UK and France playing ‘blame game’ after Channel deaths, say Labour

Both the UK and France are “engaging in a blame game” over people making perilous Channel crossings in small boats, Labour has said, rather than sitting down together to try to work out a way to prevent more deaths.

The diplomatic spat between the countries, which saw France disinvite Priti Patel from a meeting of EU ministers in Calais on Sunday, after Boris Johnson tweeted a letter on the issue to Emmanuel Macron before the French president had received it, was “simply unconscionable”, Lisa Nandy said.

“France blames Britain, Britain blames France – the truth is that both governments are engaging in a blame game while children drown off their coastline,” the shadow foreign secretary told Sky’s Trevor Phillips on Sunday programme.

“It’s just simply unconscionable and any responsible government on either side of the Channel would set aside those differences and work together to deal with what is a collective shared problem that will only be solved together.”

France has invited representatives from Belgium, Germany, the Netherlands and the European Commission to the meeting in Calais after 27 people hoping to claim asylum in the UK died last week.

While UK officials have held talks in France, Patel, the home secretary, was removed from plans after intense French anger at what they felt was provocative UK action in tweeting the letter.

Patel had separately spoken on Sunday to Kajsa Ollongren, the Dutch interior minister, UK officials say.

Speaking to Sky, Nandy castigated Patel and Johnson’s approach to liaising with France, and also called for policies to tackle the wider issues connected to illicit Channel crossings, such as a lack of safe routes to claim asylum in the UK.

“The government is writing open letters to the French that they are releasing via social media, calling on the French to do things that any responsible government would have already done – to get in place a mechanism across Europe to be able to return people to safe third countries they travel through, to agree safe and legal routes for people who have no obligations to come here,” she said.

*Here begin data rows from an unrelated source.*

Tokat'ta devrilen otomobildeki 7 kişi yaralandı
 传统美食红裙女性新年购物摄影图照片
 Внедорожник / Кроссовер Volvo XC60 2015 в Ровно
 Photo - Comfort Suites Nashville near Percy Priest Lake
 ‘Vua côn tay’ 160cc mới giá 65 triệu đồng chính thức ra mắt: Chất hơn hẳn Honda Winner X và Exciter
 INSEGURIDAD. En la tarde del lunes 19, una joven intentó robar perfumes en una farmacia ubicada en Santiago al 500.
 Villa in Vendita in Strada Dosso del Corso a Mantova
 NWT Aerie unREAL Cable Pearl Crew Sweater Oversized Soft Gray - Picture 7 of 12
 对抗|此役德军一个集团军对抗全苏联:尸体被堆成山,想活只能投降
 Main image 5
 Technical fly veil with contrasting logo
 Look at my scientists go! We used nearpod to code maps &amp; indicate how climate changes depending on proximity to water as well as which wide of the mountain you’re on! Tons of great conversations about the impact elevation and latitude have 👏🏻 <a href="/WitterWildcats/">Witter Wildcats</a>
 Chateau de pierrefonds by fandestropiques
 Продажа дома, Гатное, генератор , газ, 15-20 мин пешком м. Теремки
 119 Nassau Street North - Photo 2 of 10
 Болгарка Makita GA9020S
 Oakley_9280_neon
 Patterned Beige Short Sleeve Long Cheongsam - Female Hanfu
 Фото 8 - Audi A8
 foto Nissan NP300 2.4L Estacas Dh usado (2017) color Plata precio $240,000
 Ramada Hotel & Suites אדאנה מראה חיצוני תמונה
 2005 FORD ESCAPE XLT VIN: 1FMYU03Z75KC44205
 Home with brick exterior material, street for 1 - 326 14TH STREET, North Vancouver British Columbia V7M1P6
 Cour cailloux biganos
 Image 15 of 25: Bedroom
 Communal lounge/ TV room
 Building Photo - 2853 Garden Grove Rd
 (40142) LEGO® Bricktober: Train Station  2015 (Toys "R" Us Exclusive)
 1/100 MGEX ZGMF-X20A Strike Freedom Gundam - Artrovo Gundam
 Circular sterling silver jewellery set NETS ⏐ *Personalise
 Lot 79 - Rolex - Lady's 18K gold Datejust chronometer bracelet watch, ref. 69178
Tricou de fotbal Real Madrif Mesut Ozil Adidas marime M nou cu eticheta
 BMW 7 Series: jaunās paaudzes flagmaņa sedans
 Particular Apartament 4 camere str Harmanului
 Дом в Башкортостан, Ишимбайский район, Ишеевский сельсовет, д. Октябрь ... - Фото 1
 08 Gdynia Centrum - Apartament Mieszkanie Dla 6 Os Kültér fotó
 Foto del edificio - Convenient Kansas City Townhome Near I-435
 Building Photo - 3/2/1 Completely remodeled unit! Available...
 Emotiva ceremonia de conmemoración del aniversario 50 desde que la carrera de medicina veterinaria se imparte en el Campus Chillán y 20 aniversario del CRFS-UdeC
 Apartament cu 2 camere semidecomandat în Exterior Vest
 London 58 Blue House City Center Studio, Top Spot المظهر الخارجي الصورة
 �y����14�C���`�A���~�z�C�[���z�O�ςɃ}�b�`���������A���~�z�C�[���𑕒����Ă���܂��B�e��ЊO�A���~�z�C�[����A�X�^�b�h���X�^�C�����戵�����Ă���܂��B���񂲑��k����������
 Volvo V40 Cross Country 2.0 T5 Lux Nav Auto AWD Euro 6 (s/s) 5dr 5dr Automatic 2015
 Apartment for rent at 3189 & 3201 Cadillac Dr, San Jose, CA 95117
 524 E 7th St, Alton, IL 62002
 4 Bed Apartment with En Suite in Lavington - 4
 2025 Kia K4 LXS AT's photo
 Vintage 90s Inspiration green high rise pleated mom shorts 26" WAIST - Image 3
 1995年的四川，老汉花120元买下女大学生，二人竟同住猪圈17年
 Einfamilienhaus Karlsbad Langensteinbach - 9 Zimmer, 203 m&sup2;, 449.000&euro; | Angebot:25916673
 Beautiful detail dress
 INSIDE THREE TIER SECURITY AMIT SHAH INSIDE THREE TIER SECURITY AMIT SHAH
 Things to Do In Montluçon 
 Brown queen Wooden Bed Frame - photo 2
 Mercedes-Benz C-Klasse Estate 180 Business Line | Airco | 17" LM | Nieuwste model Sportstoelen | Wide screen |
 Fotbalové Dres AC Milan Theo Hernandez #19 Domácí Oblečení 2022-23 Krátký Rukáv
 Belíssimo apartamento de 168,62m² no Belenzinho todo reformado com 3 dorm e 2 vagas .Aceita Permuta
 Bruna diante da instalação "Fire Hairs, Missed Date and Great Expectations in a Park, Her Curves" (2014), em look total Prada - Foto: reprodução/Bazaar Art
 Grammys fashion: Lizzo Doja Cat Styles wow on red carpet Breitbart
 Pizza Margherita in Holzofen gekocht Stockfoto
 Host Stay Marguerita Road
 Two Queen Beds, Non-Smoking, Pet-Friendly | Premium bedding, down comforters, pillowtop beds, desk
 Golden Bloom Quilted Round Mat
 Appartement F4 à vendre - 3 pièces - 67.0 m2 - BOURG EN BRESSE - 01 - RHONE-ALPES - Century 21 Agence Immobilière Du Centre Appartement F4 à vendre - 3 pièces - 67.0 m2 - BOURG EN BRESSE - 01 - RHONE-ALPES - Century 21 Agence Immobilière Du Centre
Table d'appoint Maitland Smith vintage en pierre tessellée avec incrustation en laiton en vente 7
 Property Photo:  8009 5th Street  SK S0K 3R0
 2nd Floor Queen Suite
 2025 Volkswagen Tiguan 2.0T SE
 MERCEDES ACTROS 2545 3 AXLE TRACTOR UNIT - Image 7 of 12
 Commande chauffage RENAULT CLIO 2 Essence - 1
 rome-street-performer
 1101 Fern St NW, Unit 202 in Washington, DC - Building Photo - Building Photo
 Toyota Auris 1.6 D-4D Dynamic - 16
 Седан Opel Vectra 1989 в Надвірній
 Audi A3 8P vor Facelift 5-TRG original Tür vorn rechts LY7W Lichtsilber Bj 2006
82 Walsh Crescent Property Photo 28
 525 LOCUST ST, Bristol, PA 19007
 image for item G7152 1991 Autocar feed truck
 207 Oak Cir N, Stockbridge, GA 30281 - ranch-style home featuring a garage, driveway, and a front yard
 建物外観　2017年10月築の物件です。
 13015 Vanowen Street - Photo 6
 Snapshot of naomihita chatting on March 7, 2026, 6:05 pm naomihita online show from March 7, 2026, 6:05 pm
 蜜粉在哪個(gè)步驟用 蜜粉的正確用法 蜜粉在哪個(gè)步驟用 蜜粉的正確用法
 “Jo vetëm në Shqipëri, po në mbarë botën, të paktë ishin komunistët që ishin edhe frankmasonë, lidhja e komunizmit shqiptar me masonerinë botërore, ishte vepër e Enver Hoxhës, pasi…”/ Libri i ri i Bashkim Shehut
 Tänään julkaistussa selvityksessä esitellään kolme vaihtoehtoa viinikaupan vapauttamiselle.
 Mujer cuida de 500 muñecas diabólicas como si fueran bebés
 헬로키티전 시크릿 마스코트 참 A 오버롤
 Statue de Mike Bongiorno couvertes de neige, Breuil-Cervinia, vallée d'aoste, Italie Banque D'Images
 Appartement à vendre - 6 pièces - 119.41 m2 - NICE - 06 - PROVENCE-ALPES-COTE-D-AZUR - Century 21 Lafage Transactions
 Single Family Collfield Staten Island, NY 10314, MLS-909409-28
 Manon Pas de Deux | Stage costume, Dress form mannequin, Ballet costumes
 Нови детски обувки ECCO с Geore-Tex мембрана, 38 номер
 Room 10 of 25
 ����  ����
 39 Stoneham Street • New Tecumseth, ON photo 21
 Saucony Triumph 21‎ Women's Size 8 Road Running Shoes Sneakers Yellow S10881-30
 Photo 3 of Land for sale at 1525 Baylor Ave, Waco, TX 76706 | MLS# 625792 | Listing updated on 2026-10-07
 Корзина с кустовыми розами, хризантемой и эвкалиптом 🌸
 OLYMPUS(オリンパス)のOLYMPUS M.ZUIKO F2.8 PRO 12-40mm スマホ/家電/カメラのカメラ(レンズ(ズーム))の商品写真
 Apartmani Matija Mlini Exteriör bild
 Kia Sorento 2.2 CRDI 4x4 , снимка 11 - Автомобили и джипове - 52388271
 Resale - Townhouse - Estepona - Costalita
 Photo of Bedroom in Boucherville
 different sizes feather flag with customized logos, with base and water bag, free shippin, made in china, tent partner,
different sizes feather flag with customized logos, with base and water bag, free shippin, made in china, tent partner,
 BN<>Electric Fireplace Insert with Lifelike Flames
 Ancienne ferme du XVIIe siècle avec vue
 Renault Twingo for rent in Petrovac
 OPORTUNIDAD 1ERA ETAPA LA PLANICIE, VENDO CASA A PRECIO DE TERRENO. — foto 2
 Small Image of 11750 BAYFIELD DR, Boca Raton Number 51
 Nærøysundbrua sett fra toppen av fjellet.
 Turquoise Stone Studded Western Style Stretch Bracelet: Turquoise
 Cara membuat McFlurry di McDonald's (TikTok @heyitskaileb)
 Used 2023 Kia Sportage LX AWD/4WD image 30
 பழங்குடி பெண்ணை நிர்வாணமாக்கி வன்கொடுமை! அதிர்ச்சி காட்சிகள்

“The asylum system across Europe and across the world has completely broken down. If you look at the countries that people are freeing from, it’s Syria, it’s Afghanistan, there are reasons why people are on the move and the world has been completely unable to come together to deal with that.

“One of the people on the boat that sank just a week ago was an Afghan soldier who said he had given up hope of being able to get to Britain through a legal route, because although the home secretary announced an expansion of their Afghan refugee settlement scheme, that scheme hasn’t even opened yet and that was three months ago.

“These routes simply don’t exist and they won’t exist for as long as the government continues to engage in a blame game with others and doesn’t do the hard yards of sitting down around a table and agreeing how we are going to tackle this together.”